(Records from a collection)
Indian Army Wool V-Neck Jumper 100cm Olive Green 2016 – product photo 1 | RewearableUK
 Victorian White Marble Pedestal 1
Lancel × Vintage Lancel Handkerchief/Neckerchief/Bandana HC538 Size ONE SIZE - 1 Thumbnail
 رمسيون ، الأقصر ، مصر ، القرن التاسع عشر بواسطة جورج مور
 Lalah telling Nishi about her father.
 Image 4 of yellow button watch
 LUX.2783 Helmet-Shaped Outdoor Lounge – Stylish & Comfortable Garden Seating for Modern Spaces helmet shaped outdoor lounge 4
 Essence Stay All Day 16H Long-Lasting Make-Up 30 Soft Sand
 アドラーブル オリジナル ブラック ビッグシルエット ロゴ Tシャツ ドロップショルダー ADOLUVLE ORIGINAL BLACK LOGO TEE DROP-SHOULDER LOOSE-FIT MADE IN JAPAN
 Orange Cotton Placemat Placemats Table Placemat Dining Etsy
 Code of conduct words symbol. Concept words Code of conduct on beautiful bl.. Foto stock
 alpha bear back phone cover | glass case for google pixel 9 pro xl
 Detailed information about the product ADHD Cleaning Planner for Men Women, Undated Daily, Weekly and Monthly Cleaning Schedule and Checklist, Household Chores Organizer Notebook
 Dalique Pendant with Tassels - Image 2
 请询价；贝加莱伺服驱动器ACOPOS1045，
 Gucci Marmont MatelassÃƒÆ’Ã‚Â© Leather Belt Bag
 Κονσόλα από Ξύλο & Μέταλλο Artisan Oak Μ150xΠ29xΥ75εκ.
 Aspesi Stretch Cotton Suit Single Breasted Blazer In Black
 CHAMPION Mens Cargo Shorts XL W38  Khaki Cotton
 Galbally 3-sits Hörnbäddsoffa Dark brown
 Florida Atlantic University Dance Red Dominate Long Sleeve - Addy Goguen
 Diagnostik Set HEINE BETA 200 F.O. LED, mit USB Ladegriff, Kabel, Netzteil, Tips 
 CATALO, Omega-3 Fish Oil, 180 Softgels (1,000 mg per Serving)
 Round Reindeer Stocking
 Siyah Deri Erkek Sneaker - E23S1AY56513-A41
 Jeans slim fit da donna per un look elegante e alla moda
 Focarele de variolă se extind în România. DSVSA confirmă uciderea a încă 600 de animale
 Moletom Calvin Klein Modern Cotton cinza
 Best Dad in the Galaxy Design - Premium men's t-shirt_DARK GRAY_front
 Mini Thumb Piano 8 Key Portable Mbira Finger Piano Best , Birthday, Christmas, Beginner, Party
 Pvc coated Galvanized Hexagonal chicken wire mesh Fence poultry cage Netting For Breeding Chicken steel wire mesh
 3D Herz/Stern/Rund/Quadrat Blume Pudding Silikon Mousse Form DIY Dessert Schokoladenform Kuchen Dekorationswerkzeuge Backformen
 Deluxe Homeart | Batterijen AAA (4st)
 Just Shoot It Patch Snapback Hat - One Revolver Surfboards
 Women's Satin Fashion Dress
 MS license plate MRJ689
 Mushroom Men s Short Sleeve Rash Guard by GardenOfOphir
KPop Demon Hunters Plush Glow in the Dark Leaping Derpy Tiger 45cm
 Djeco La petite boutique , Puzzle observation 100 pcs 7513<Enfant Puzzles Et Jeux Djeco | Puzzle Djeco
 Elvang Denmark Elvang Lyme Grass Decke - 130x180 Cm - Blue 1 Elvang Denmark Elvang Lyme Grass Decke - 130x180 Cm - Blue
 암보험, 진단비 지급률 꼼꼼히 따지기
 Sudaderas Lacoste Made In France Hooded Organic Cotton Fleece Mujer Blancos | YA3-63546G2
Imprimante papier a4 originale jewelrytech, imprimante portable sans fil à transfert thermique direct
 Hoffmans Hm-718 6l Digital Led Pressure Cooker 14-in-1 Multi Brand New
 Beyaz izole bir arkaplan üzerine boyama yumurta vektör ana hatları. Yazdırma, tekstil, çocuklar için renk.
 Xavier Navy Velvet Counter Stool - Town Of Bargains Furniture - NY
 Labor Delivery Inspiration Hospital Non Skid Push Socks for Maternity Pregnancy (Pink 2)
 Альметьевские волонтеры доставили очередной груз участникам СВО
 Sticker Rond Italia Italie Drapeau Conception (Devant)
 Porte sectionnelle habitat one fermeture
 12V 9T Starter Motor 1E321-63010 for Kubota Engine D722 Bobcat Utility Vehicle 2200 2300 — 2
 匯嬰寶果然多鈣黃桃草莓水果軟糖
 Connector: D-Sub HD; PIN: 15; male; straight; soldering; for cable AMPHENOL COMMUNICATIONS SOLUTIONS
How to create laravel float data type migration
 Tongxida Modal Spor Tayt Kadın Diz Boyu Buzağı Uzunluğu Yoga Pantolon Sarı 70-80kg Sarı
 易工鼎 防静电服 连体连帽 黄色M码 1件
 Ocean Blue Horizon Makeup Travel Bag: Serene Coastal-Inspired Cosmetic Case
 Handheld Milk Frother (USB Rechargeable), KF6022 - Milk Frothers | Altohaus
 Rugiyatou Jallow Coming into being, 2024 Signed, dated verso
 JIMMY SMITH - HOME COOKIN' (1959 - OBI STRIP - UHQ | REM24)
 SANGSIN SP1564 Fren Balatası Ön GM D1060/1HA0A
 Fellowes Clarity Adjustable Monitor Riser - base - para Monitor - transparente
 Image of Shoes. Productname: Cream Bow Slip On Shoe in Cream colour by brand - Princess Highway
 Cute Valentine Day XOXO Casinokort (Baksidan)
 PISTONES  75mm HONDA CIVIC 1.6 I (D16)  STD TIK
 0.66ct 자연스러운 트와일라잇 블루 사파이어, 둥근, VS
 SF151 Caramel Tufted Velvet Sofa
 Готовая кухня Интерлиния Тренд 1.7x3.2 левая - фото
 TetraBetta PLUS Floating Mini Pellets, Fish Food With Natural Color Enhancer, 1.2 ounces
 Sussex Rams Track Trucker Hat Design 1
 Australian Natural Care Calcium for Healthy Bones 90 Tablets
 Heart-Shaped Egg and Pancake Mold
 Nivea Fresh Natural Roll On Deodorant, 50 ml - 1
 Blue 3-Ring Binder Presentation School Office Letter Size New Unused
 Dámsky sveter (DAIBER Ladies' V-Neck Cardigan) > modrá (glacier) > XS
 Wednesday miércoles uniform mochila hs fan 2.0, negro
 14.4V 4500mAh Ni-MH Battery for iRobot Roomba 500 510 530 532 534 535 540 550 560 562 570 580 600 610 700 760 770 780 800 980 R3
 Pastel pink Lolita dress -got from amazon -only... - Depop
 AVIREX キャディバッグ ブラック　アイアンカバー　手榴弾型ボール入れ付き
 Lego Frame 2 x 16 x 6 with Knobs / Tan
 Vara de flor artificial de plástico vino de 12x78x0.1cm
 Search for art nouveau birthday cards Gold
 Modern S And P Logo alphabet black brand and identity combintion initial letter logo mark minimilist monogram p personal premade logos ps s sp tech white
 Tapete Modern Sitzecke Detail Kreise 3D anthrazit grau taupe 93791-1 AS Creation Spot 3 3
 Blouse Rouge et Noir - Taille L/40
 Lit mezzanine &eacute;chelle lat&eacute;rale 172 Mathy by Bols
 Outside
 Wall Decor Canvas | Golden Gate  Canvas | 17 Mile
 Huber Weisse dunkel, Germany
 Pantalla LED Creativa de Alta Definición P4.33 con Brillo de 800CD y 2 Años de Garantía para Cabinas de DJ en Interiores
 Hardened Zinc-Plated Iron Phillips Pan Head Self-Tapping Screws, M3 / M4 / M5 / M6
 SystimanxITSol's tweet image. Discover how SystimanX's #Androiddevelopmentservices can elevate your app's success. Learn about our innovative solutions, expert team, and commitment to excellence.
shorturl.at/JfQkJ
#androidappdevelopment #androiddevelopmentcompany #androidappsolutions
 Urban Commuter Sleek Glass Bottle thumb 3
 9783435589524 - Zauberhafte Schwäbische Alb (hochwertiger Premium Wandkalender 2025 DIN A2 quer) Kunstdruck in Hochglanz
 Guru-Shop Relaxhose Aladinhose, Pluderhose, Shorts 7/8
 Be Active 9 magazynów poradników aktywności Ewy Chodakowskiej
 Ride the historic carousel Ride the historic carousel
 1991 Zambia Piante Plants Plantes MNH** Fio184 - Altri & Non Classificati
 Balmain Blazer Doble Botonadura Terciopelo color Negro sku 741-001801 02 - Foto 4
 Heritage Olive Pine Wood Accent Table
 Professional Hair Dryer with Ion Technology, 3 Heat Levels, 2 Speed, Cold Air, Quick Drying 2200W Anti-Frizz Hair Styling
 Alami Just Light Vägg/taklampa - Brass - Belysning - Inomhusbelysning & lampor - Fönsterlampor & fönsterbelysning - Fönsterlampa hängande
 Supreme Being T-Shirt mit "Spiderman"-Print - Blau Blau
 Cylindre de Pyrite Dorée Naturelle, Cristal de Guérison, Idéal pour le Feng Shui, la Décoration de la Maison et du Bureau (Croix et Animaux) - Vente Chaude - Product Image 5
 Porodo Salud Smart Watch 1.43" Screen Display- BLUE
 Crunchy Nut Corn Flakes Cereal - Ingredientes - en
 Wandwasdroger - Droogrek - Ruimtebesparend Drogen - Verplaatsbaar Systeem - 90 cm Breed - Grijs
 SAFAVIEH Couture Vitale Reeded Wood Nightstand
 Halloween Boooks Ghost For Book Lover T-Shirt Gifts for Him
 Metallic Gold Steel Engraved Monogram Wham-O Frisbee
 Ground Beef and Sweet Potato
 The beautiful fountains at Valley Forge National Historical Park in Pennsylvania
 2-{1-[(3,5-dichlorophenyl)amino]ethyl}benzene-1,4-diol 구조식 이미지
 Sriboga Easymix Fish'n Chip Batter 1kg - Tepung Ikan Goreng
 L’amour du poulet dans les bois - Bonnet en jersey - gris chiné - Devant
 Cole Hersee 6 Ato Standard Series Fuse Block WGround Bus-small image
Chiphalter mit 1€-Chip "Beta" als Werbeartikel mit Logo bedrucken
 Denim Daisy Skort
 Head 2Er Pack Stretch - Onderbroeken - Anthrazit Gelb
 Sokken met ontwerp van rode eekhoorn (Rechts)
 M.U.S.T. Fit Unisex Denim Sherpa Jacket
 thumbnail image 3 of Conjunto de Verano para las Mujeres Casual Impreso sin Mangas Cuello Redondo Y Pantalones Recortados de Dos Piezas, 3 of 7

= Work to be completed =
From the entries above, restate word for word the lines from the line containing "Halloween Boooks Ghost" to the line containing "M.U.S.T. Fit Unisex Denim Sherpa Jacket", both ends included, and nothing more.

= Your response =
 Halloween Boooks Ghost For Book Lover T-Shirt Gifts for Him
 Metallic Gold Steel Engraved Monogram Wham-O Frisbee
 Ground Beef and Sweet Potato
 The beautiful fountains at Valley Forge National Historical Park in Pennsylvania
 2-{1-[(3,5-dichlorophenyl)amino]ethyl}benzene-1,4-diol 구조식 이미지
 Sriboga Easymix Fish'n Chip Batter 1kg - Tepung Ikan Goreng
 L’amour du poulet dans les bois - Bonnet en jersey - gris chiné - Devant
 Cole Hersee 6 Ato Standard Series Fuse Block WGround Bus-small image
Chiphalter mit 1€-Chip "Beta" als Werbeartikel mit Logo bedrucken
 Denim Daisy Skort
 Head 2Er Pack Stretch - Onderbroeken - Anthrazit Gelb
 Sokken met ontwerp van rode eekhoorn (Rechts)
 M.U.S.T. Fit Unisex Denim Sherpa Jacket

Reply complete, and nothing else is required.